Der Inhalt der Stelle sollte das erste Kriterium sein. Es ist für den Fortgang der Geschichte wichtig, dass Arethusa an das Ufer steigt, an dem sie ihre Kleider nicht gelassen hat. Dem propriori ripae seht altera ripa eindeutig gegenüber. Die theoretisch mögliche Enallage (das Adjektiv wäre sinngemäß ripae zuzuordnen) ist bei der Gegenüberstellung nicht plausibel. Das Bald im Fluss erklärt, warum Arethusa an das "falsche" Ufer kommt. In der Situation ist es ihr zuerst wichtig, an ein Ufer zu kommen, um die Lage zu klären.
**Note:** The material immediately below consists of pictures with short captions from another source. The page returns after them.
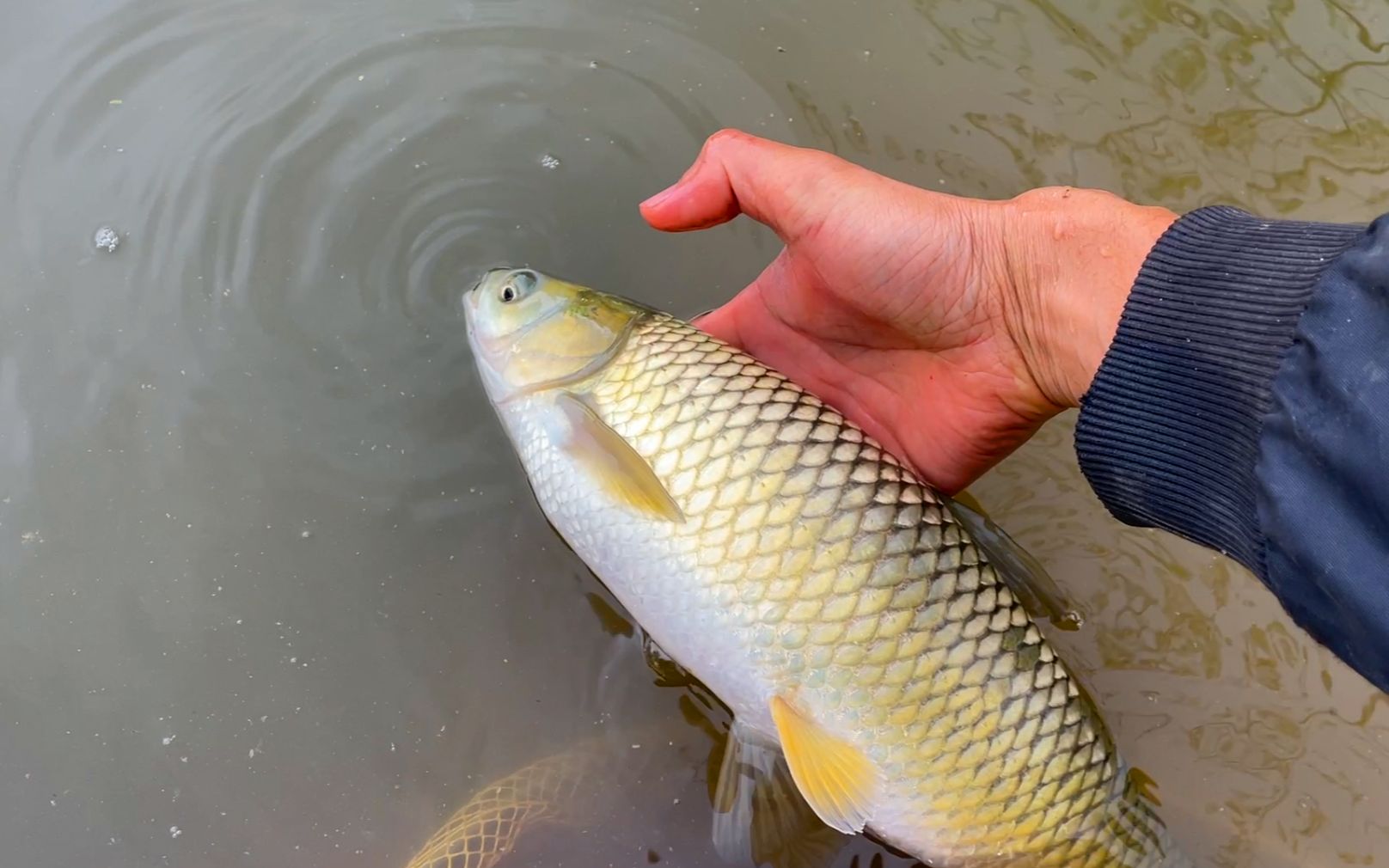 告別草魚不吃食煩惱！草魚養(yǎng)殖厭食癥”解決方案大放送！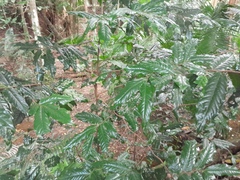 Meiogyne hirsuta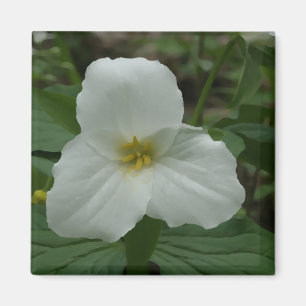 Imán Trillium blanco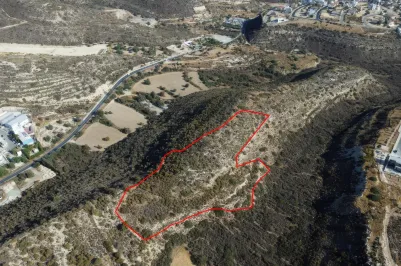 Land - 13668, photo 1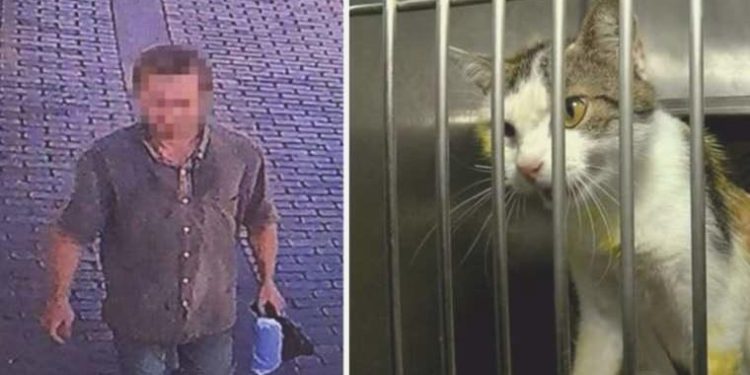 Kedilere kezzap ve asit dökmüştü: 91 bin TL ‘para cezası’ kesildi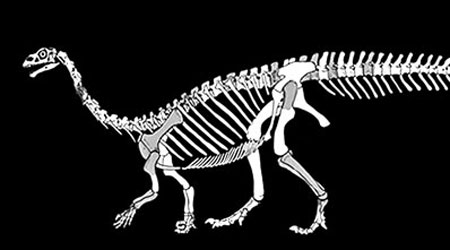 橫蜥龍屬新品種恐龍。（互聯網圖片）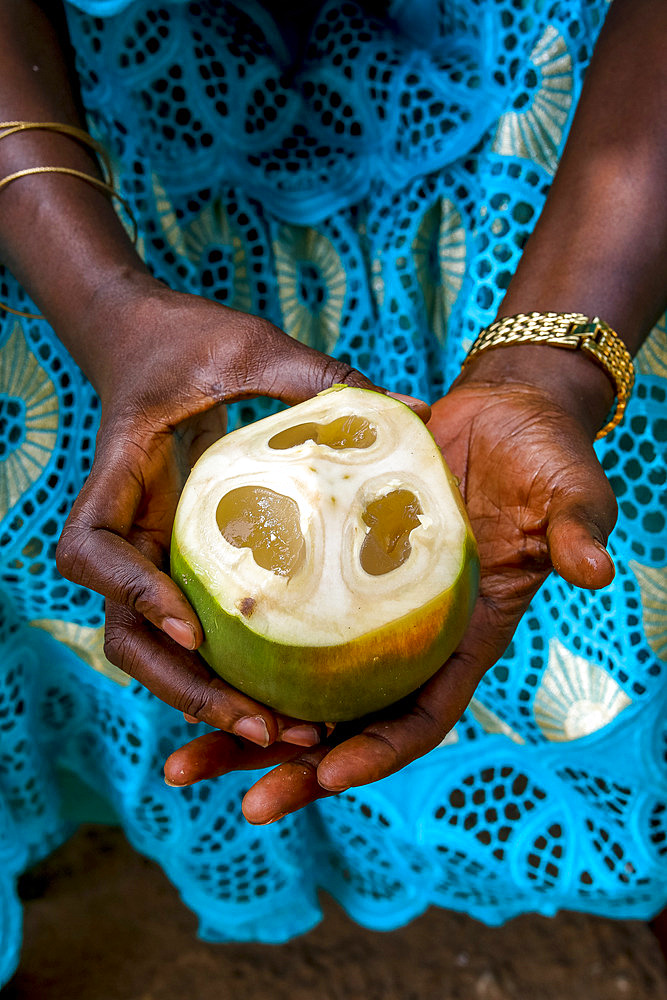 Woman holding palmyra palm tree fruit in Thiaoune, Senegal, West Africa, Africa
Da nimmt sie klarerweise das nähere.
Ich vertraue darauf, dass es stimmt, dass Ovid den Abl. des Komparativs nicht mit i bildet. Er schafft es sicher, einen Vers so zu bilden, dass die Form propriore, falls sie nötig ist, Platz findet.
Das Verb insistere funktioniert auch mit Dativ. Ich tendiere mittlerweile dazu, die Version propriori … ripae als Dativ zu belassen, wobei margine den Komparativ näher bestimmt. Das mag zwar etwas überflüssig wirken, aber kommt mitrvertretbar vor.
Ovids Werke sind natürlich ein von Philologen intensiv beackertes Feld, aber der Universitätsprofessor, der natürlich mehr Zeit für solche Tätigkeiten aufwenden kann, ist nicht zwangsläufig immer besser als "irgendein Lateinlehrer". Auch wenn ich Tiberis' Meinung in dem konkreten Fall nicht teile, heißt das noch lange nicht, dass er automatisch schweigen muss, sobald ein Philologe einer Universität etwas dazu veröffentlicht. Er geht mit viel philologischer Sachkenntnis an das Problem heran und zeigt mögliche Aspekte auf.